Exercise description: When the listing below reaches the line that has "红叶子的野葡萄，秋天到了照片摄影图片", start reproducing exactly; stop after the line that has "Hundepension Bär - Cologne", and drop the pictures.

Data shown:
┄┄┄┄┄┄
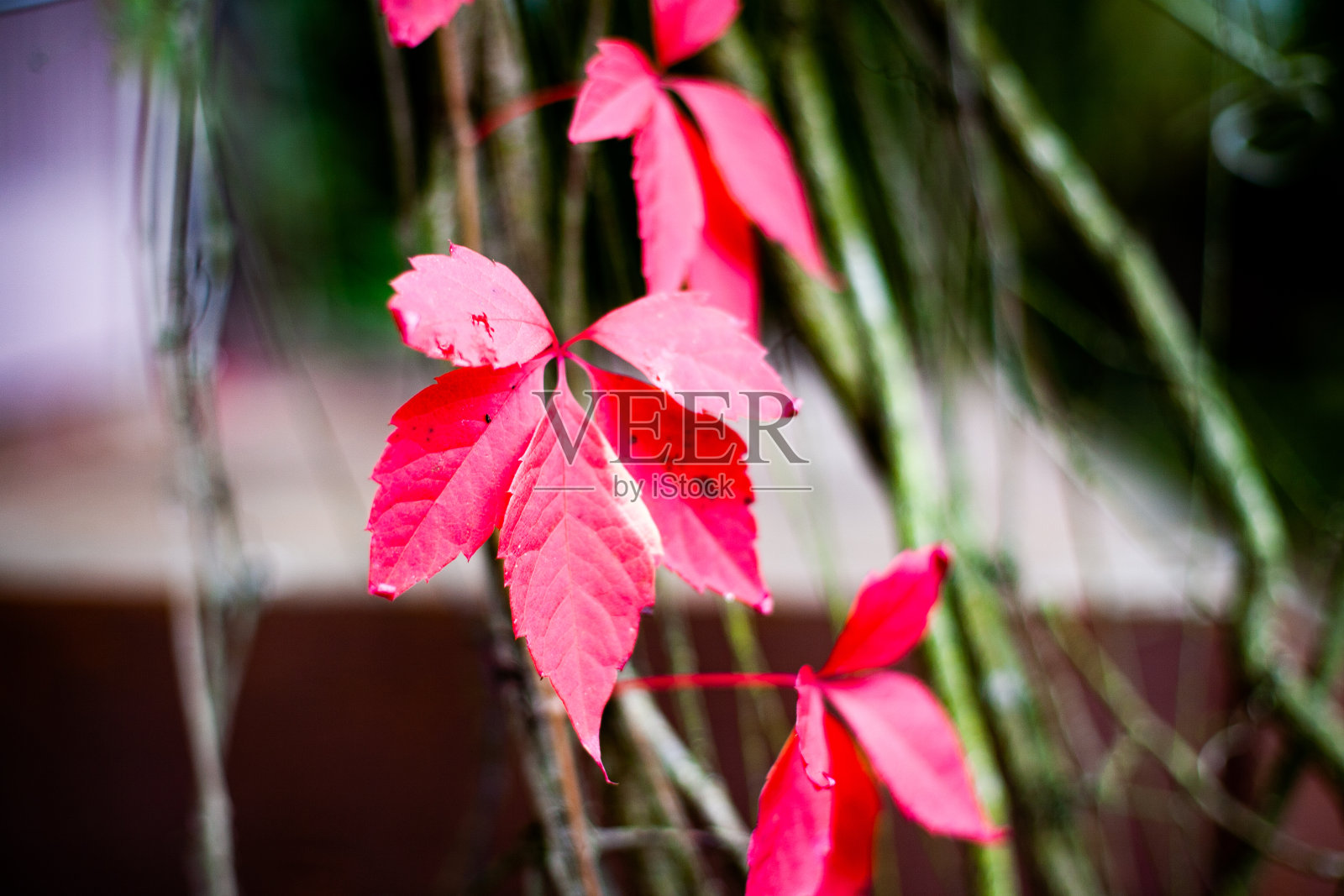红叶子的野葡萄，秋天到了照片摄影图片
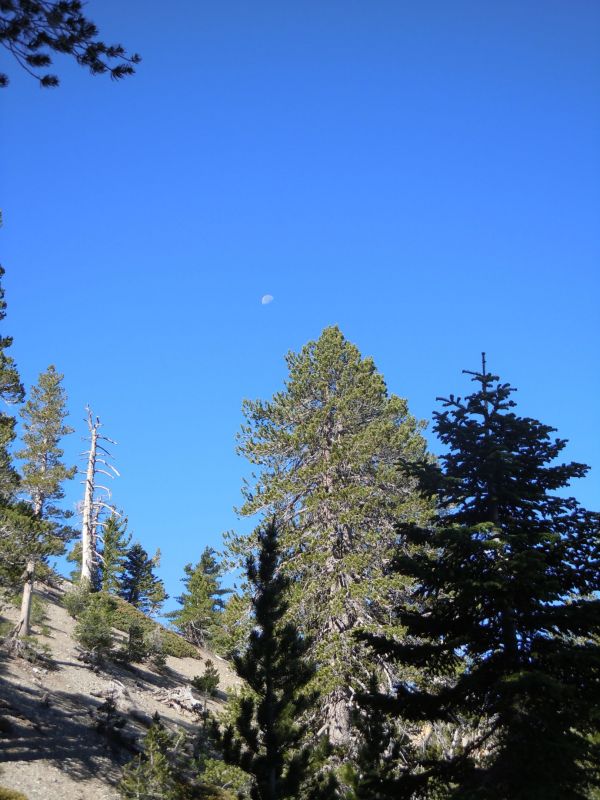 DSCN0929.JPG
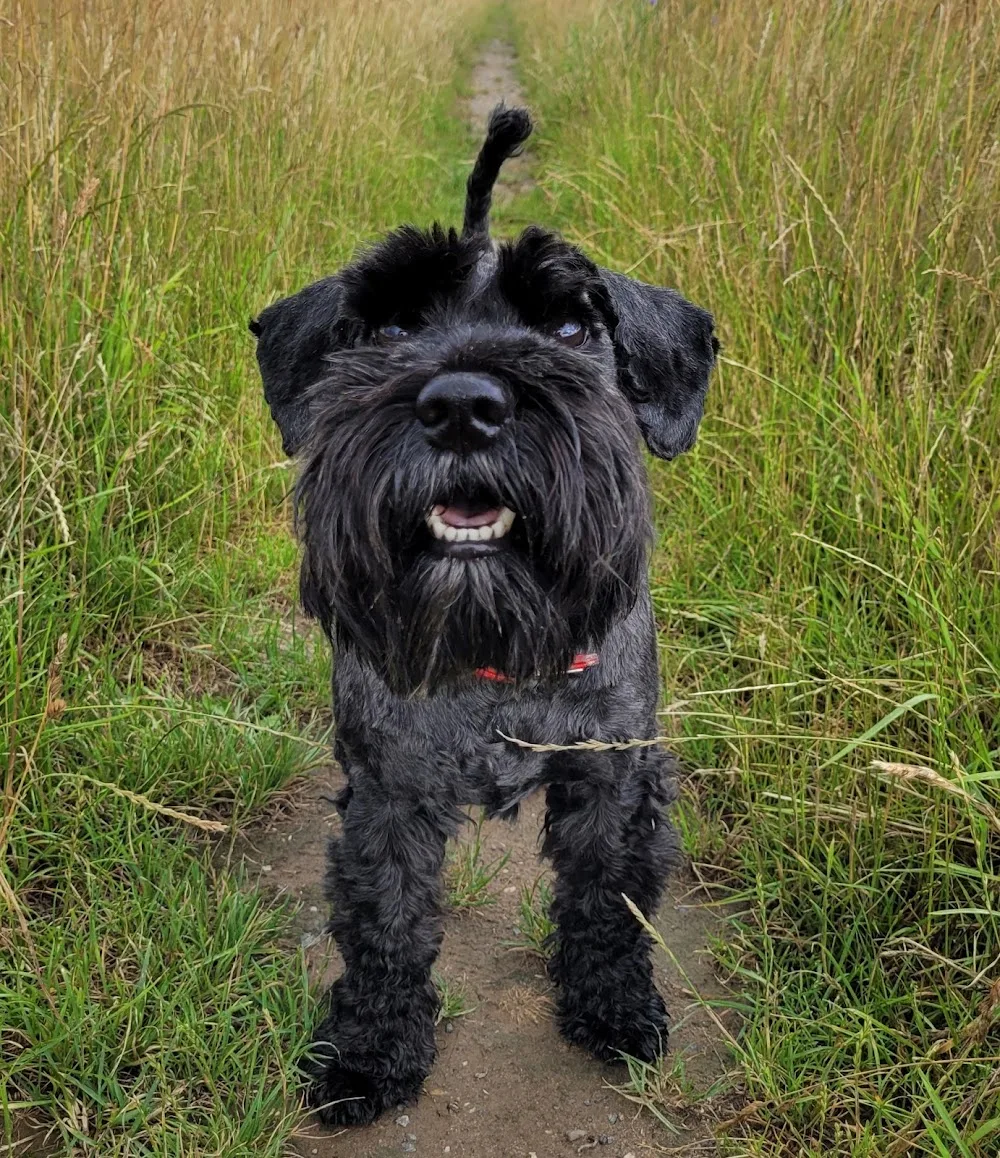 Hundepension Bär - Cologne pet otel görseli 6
┄┄┄┄┄┄
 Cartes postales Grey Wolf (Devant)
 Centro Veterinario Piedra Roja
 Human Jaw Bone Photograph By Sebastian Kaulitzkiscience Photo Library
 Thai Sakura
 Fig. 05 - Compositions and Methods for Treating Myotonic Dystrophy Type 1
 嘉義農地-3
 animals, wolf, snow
┄┄┄┄┄┄
Solution for this problem:
红叶子的野葡萄，秋天到了照片摄影图片
 DSCN0929.JPG
 Hundepension Bär - Cologne pet otel görseli 6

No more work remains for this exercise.